Saygun’un bu çalışması, halk kitlesinin sahne sanatlarına olan ilgisinin daha da artmasına katkı sağlamıştır. Bunu da kendi anlatısından bir hikâyeyle aktarmak isterim. Şöyle anlatıyor Saygun:
”Konserden beş, on gün sonra bir gün evimin kapısı çalındı. Baktım birkaç köylü içeri aldım. büyük bir saygıyla bana bakıyorlardı. ‘Hoş geldiniz’ dedim. İçlerinden yaşlıca olanı söze başladı: ‘Yunus Emre’yi siz radyoda iki defa verdiniz. Köyde, halk odasında bizim bir radyomuz var. Orada köy halkı, kadın-erkek hepimiz dinledik. Ciğerimize işledi. Allah senden razı olsun deyip elini öpmek için buraya geldik’ diyerek elinde gazete kağıdına sarılı paketi bana uzatti. ‘Bunu da bacın sana armağan gönderdi’ dedi. Paketten bacının benim için ördüğü bir çift yün çorak çıktı. Bugüne kadar aldığım hediyelerin en değerlisidir. Hala saklarım.”[1]

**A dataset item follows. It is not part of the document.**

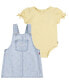 ფოტო #1 პროდუქტის Baby Girls Bodysuit Top and Skirtall Set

Yunus Emre’nin şiirlerinde insanların birarada yaşamak zorundalığının vurgusu, Saygun’un Yunus Emre’sindeki uyumda da dikkat çekmektedir. Korolardaki insan sesinin biraradalığıyla melodilerdeki renklerin uyumu buna en güzel şahitlikleri yapmaktadır. Oratoryonun ilk bölümünde, Yunus Emre’nin yaşama sevinciyle ölümün bilinci arasındaki gerilimleri yansıtan belirlemelerinden oluşmaktadır. Bununla birlikte yaşamdan ya da başka bir deyişle ölümden sonra neler olacağıyla ilgili belirsizliğine ve ‘alın yazısına’ karşı çaresizliği hissederiz.
”Ağlamaktır benim işüm
Ağla gözüm şimdengerü
Irmak ola kanlı yaşım
Çağla gözüm şimdengerü
Huda attı bize oda
Yanmak oldu bize gıda
Ömrüm oldukça dünyada
Gülme gözüm şimdengerü”
…
İkinci bölüm ise, insan-evren ve Tanrı denkleminde geçmektedir. Bu bölümde Yunus Emre’nin isyanını görüyoruz.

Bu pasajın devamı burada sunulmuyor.